═══ Data excerpts ═══

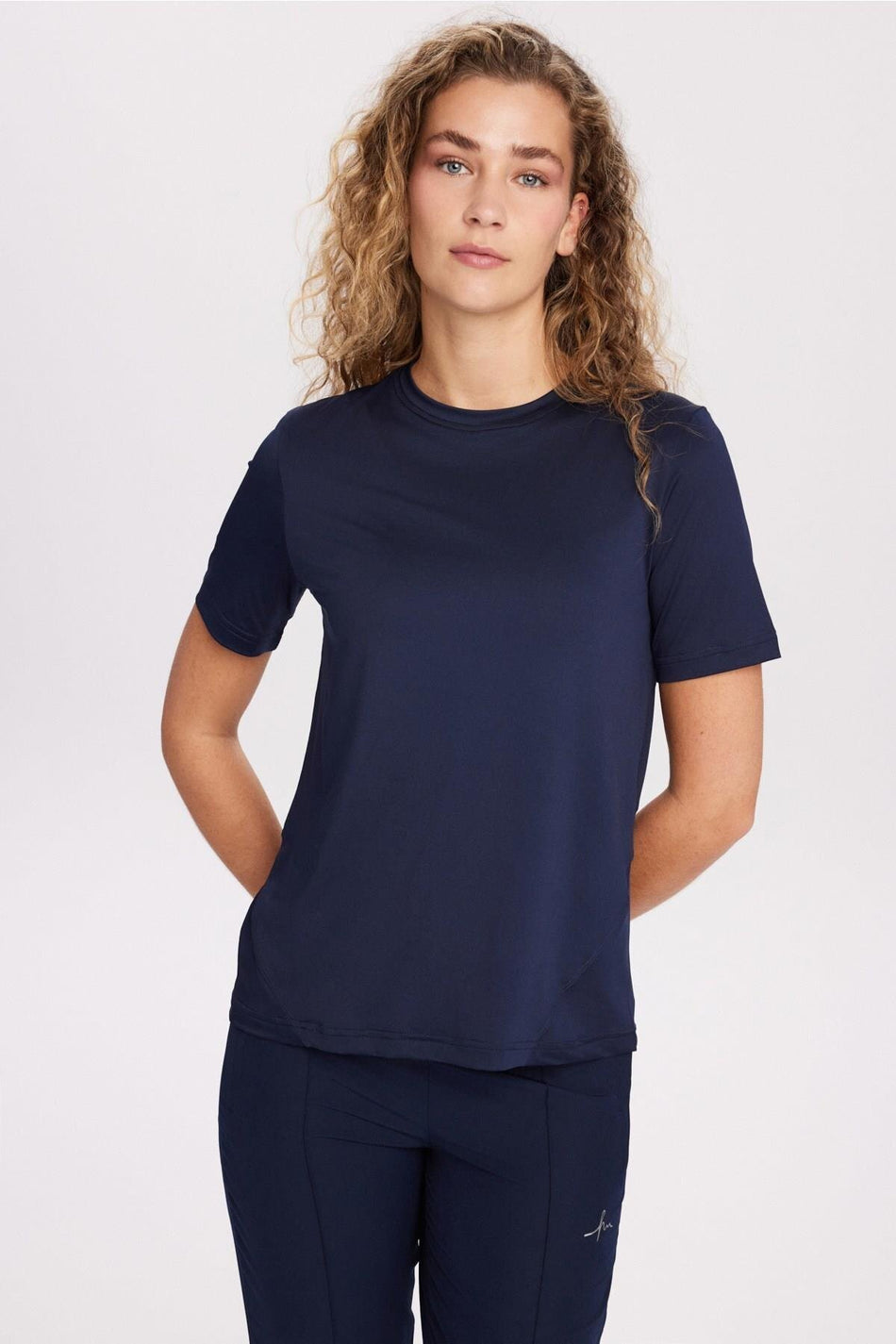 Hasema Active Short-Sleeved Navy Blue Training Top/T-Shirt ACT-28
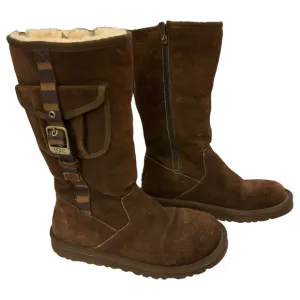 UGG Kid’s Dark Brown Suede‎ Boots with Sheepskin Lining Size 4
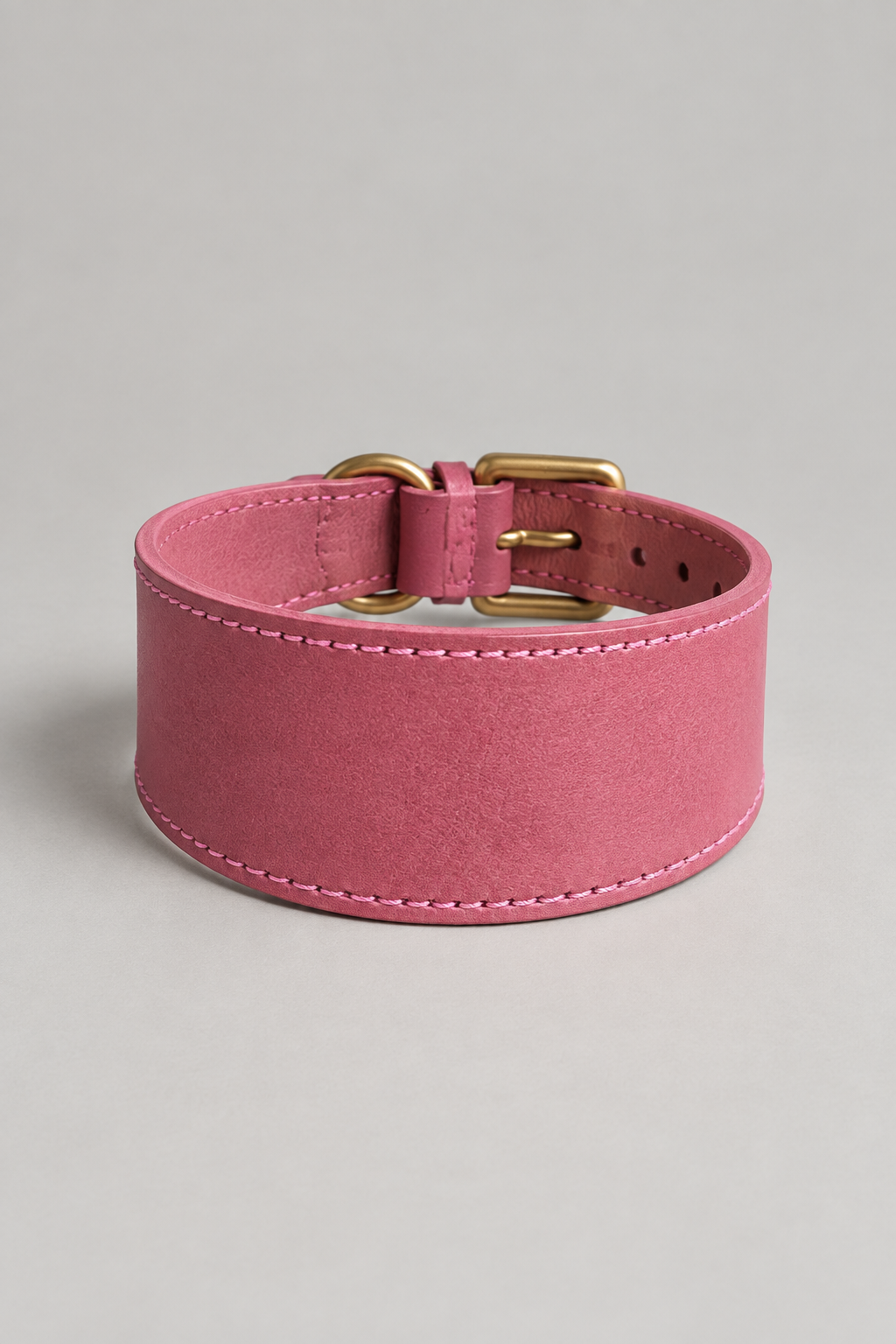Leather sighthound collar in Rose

═══
═══ Data excerpts ═══

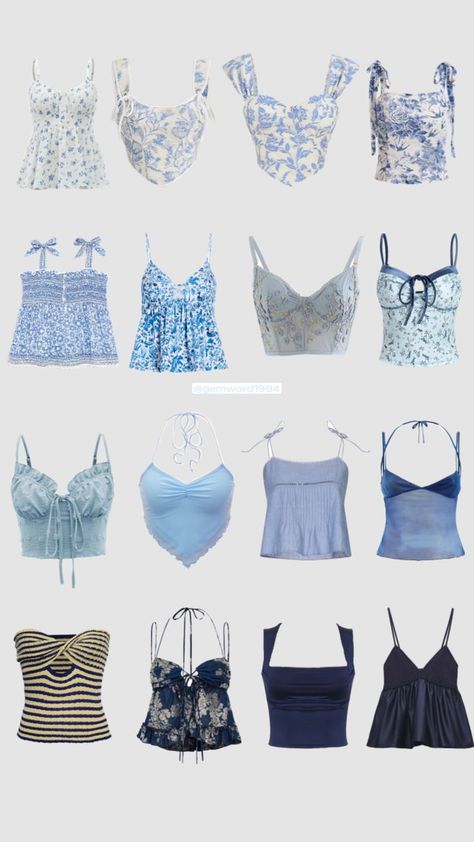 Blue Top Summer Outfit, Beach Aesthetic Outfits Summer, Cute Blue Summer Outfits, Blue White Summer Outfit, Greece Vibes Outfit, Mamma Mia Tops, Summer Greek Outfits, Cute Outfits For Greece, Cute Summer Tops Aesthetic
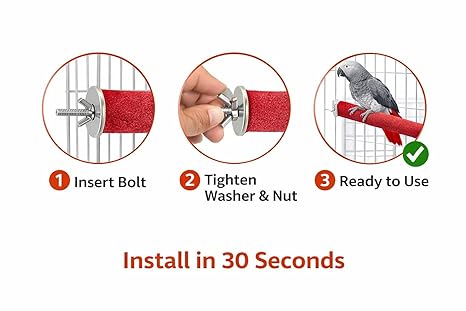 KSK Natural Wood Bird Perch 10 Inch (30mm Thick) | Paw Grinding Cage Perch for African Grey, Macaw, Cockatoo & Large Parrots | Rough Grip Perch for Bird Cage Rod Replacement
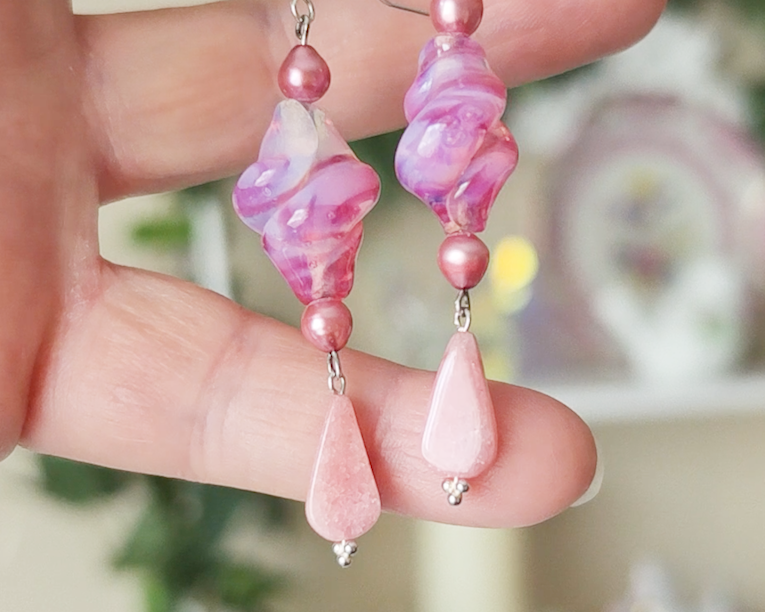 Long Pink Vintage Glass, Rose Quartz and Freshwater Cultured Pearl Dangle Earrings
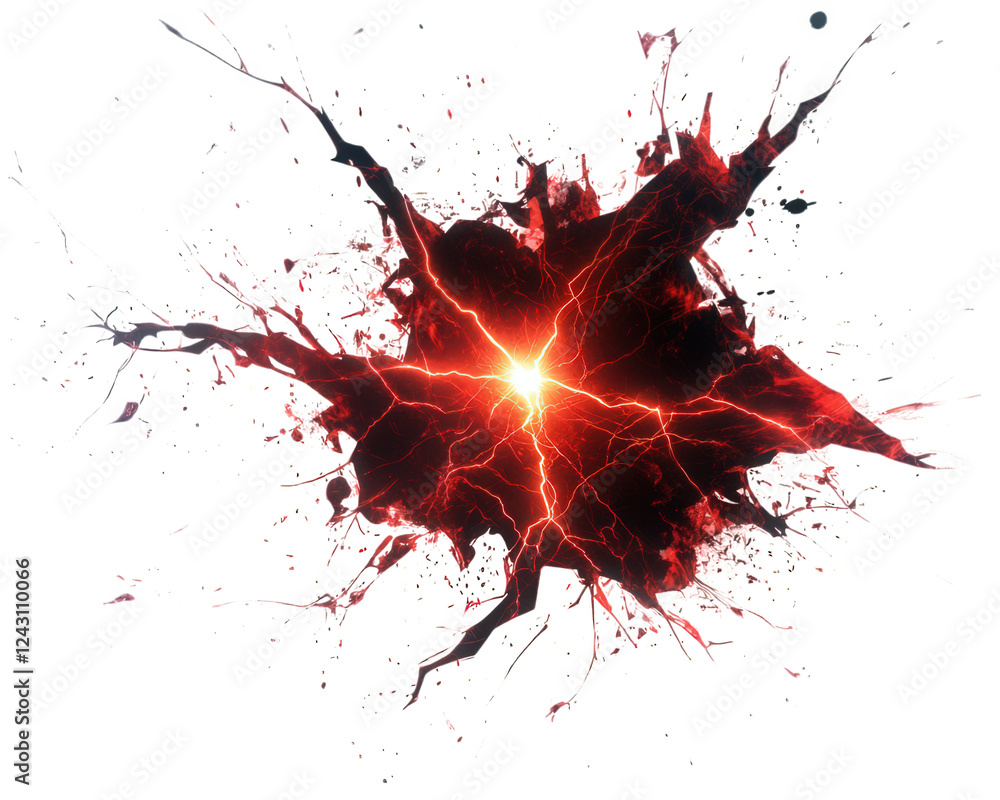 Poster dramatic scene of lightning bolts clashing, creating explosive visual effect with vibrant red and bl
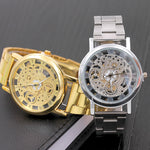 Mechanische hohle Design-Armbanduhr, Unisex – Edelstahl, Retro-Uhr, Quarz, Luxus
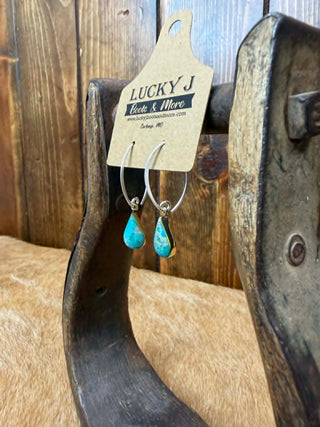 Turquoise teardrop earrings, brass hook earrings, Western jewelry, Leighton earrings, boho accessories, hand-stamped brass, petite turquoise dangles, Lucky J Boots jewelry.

═══

● **Problem**
Within the material above, find the part that opens with the line containing "KSK Natural Wood" and closes with the line containing "Mechanische hohle Design-Armbanduhr, Unisex", and reproduce it exactly without the pictures.

● **Result of this task**
 KSK Natural Wood Bird Perch 10 Inch (30mm Thick) | Paw Grinding Cage Perch for African Grey, Macaw, Cockatoo & Large Parrots | Rough Grip Perch for Bird Cage Rod Replacement
 Long Pink Vintage Glass, Rose Quartz and Freshwater Cultured Pearl Dangle Earrings
 Poster dramatic scene of lightning bolts clashing, creating explosive visual effect with vibrant red and bl
 Mechanische hohle Design-Armbanduhr, Unisex – Edelstahl, Retro-Uhr, Quarz, Luxus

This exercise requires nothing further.